On July 26, 1982, at around 7:30 p.m., Bernstein's body surfaced in the Delaware River near River Road. The body had a cinder block tied to its neck. Multiple blows to the head were observed which were later shown by a medical examination to be consistent with blows from a bat and bruises were seen to the chest consistent with being made by the electric prod. The forensic medical examination also revealed that, prior to expiring, Bernstein ingested water and silt. The cause of death was identified as drowning and massive head injuries.

After Appellant's penalty hearing, the jury found two aggravating circumstances; that the victim was a prosecution witness to a felony committed by the Appellant and that the victim was killed for the purpose of preventing his testimony against Appellant in a criminal proceeding (42 Pa.C.S. § 9711(d)(5)), and that the killing was perpetrated in the commission of a felony (kidnapping) (42 Pa.C.S. § 9711(d)(6)). The jury found no mitigating circumstances.

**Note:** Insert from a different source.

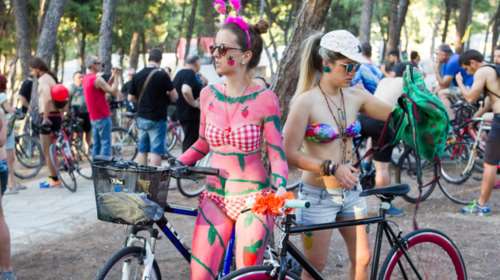 Γυμνή ποδηλατοδρομία στη Θεσσαλονίκη για καλό σκοπό
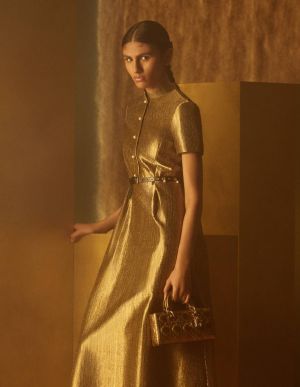 سحر الذهب ولمعانه في مجموعة مميزة من Dior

Appellant filed Post-Verdict Motions that were pending when he escaped from the maximum-security block of the Philadelphia Detention Center on September 19, 1984.4 Because of Appellant's fugitive status, the Commonwealth filed a Motion to Dismiss his Post-Verdict Motions. The trial court held a hearing on this motion, after which it determined that, because Appellant had voluntarily removed himself from the jurisdiction of the court, he had waived his right to have his Post-Verdict Motions considered and, accordingly, granted the Motion to Dismiss. Sentencing was deferred until Appellant was apprehended.

Appellant remained at large until his arrest in Quebec, Canada, on April 26, 1985. He was held in Canadian custody (while he challenged extradition) until October 23, 1986, when he escaped from a Montreal prison by breaking through a skylight and lowering himself thirteen stories to the ground on a rope of bedsheets. A fellow inmate, who was escaping with Appellant, fell from the rope to his death. Subsequently, the television program "America's Most Wanted" aired a story on Appellant, and in September 1988, he was spotted and arrested in New Brunswick, Canada.

Appellant was finally returned to Pennsylvania, and on October 2, 1991, sentenced to death for the murder of David Bernstein. A direct appeal to this Court followed. On February 9, 1994, this Court affirmed...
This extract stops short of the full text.